ワルシャワ蜂起の痕跡を見ること・・・・これが今回のワルシャワ訪問のひとつの目的であった。この事件は、国際的にはともかく、ワルシャワ市民にとっては忘れ難いもので、今も八月一日の同時刻にはサイレンや鐘が鳴り、市民は黙祷に伏すという。
ワルシャワ蜂起記念碑会館 右側の大きな塑像は残念ながら修理中
1944年7月31日、敗走するドイツ軍を追ってきたソ連軍は、ワルシャワ中心地区のすぐ東を流れるヴィスワ東岸に到達してた。そして、そのソ連軍とワルシャワ市内のレジスタンスの間で、翌8月1日を期してソ連軍はワルシャワ市内に進行し、それに合わせて、ワルシャワのレジスタンスがドイツ軍に対しいっせいに蜂起するという約定が交わされた。
左側の塑像にて 残念ながら写っている女性は私とは関係のない人
手前兵士は地下へ潜るようなポーズ アンジェ・ワイダの『地下水道』を思わせる
それに従い、ワルシャワ市内で訳5万人の市民が蜂起した。とはいえ、武器を持つものは数人に一人であり、ドイツ軍の兵庫を急襲するなどして武装率を高めていった。こうしてレジスタンスはその急襲により優位に立つかに見えた。
ワルシャワ蜂起の説明ボードなど
しかしである、わずか数百mのヴィスワ川東岸のソ連軍は約定に反し、補給の不十分などを理由に全く動かなかったのだ。これをみたドイツ軍は、レジスタンス撃滅作戦に専念することができた。
ソ連軍の動きがないまま、レジスタンスは果敢に戦った。それでも2ヶ月後の10月はじめには、ドイツ正規軍には歯が立たないまま、降伏を余儀なくされた。
記念碑館前の庭園にて
この間、ワルシャワ市民の死者は18~25万人、街から追放された市民約70万人に達した。前回述べた旧市街が跡形もなく破壊されたのもこの時期であった。
なお、ソ連軍がヴィスワ川を渡り、ワルシャワを「解放」したのは翌45年の1月であった。
王宮裏の庭園 向こうの赤い橋がヴィスワ川にかかるもの
『灰とダイアモンド』の映画監督・アンジェ・ワイダのもう一本の映画『地下水道』は、ソ連軍の援助のないなか、地下水道を拠点に戦い続けるワルシャワ・レジスタンスを描いたもので、私は日本公開当時(1958年)に観ている。
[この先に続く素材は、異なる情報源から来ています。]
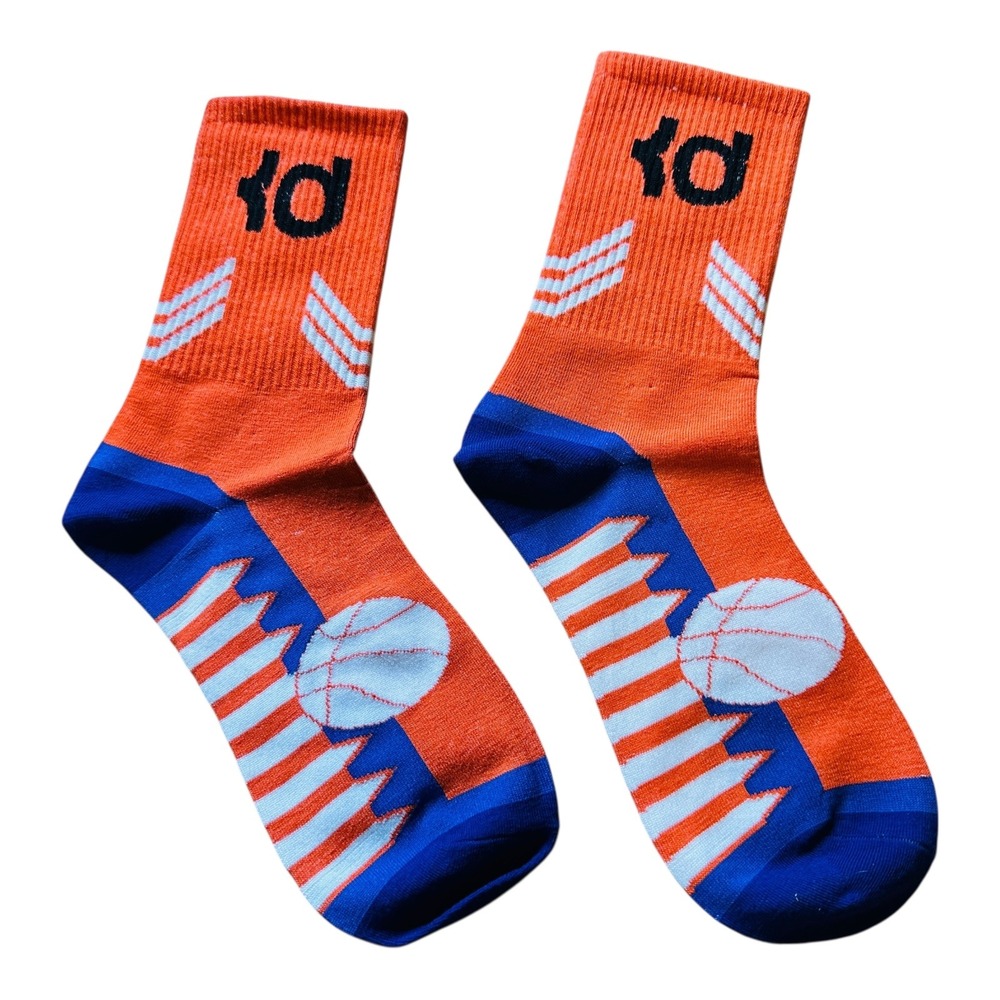 Kids Basketball Socks Kevin Durant Orange Blue Kids Unisex Sport Crew Socks - Picture 2 of 2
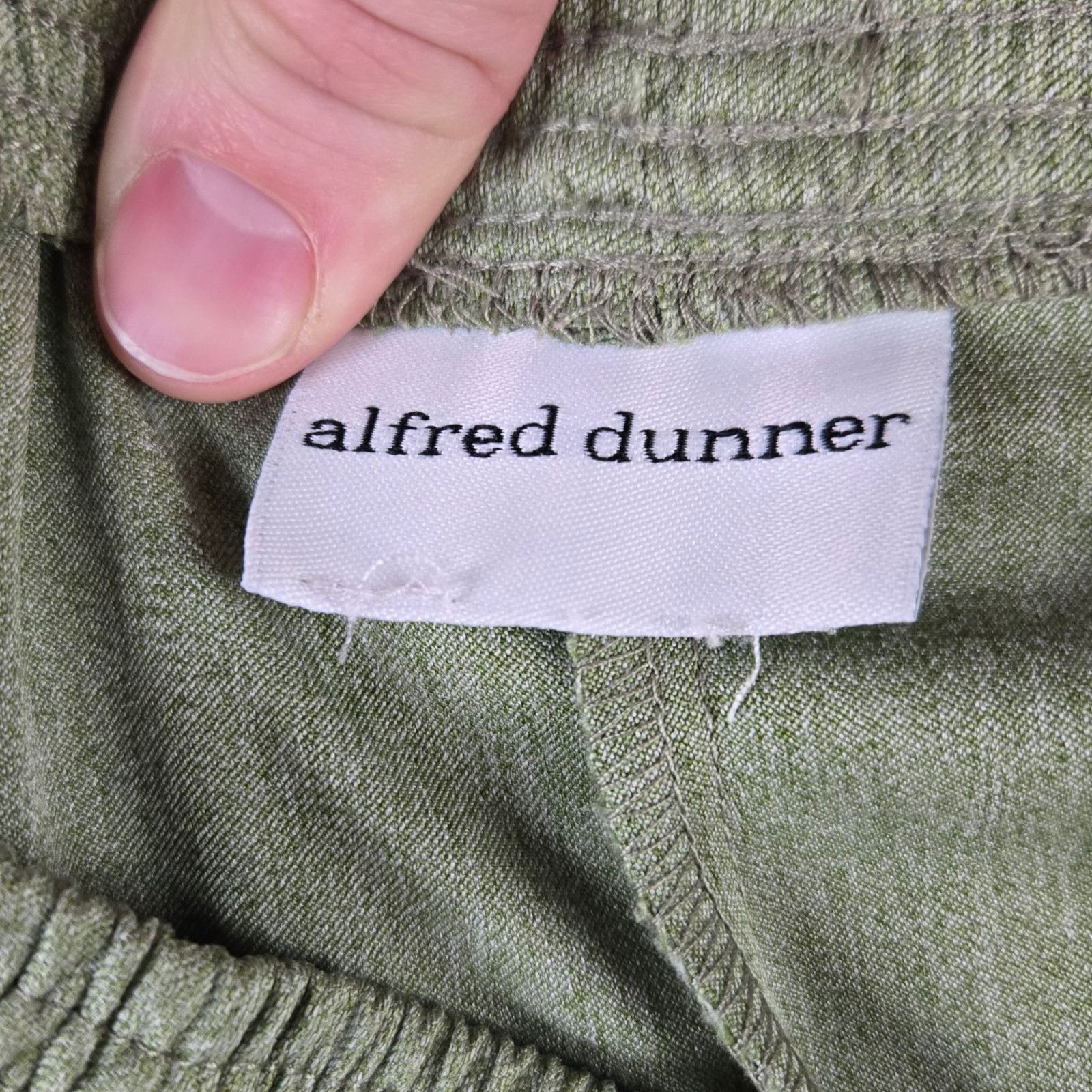 Other 90s Y2K Sage Green Elastic Waist Pants Size 14 Size 36" / US 14 / IT 50 - 4 Thumbnail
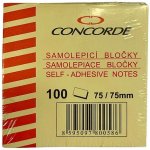 Samolepicí bloček CONCORDE 75x75mm, 100l., žlutá – Hledejceny.cz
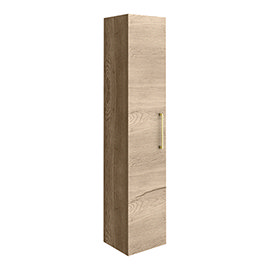 Arezzo Rustic Oak Wall Hung Tall Storage Cabinet with Brushed Brass Handle Medium Image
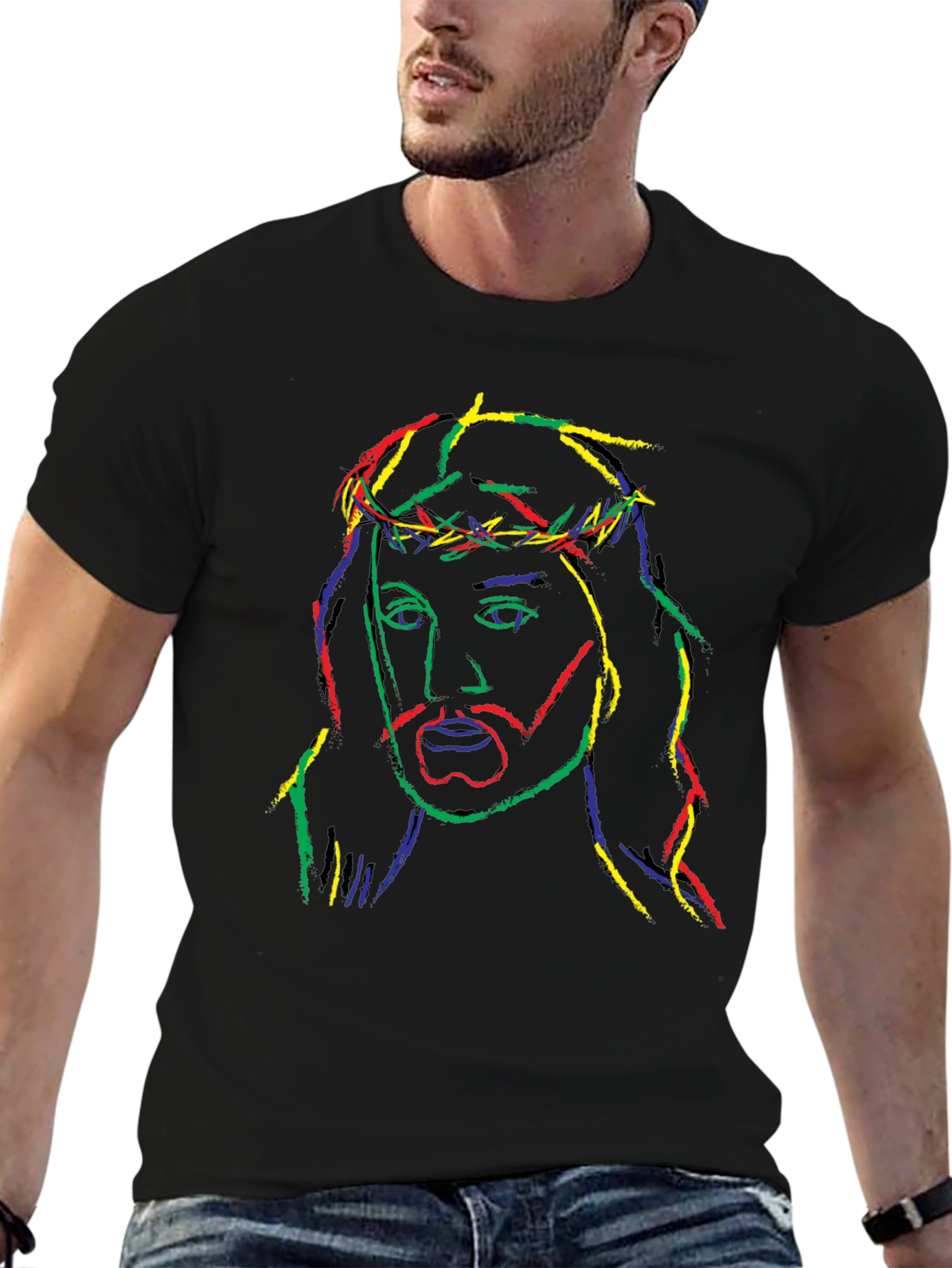 Neon Jesus Graphic Tee - Black Cotton Blend T-Shirt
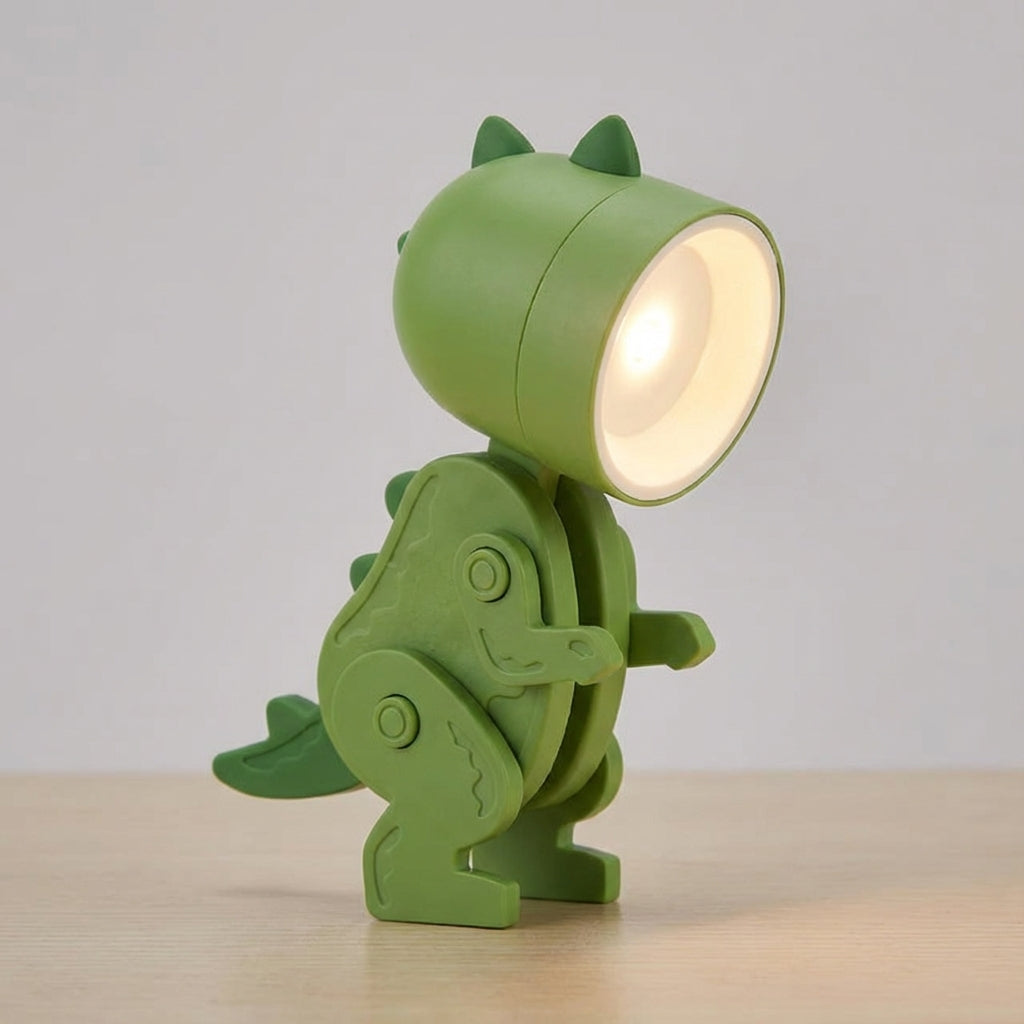 Kompaktowa przenośna lampa stołowa z klipsem, składana, z motywem dinozaura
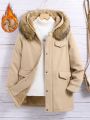 SHEIN Kids EVRYDAY Thickened Hooded Jacket For Tween Boys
その映画のシーンにも、地下水道のヴィスワ川に面した鉄格子越しに、対岸に来ているはずのソ連軍を待望する映像があったような気がする。
この向こう側にいながら蜂起軍を見捨てたソ連軍
今回のワルシャワ旅行ではその記念碑を訪れたほか、「ソ連軍はここまで来ていながらなぜ蜂起軍に呼応しなかったのか」というヴィスワ川を確認した。前回書いた、徹底して破壊された旧市街からはほんの何百mの距離であり、ワルシャワ市民の無念さが改めて理解できる気がした。
さらに南方で撮したヴィスワ川に掛かる橋
ポーランド=ワルシャワは、かねてより、西はドイツ、東はロシアという強国に挟まれてその運命を左右されてきた。しかし、それにもめげず、またそれに全面的に屈することなく、したたかに自己主張をしてきた。
それがあの誇り高き44年の蜂起であり、その折の全面破壊を完全に復興した「新」旧市街の実現であるように思った。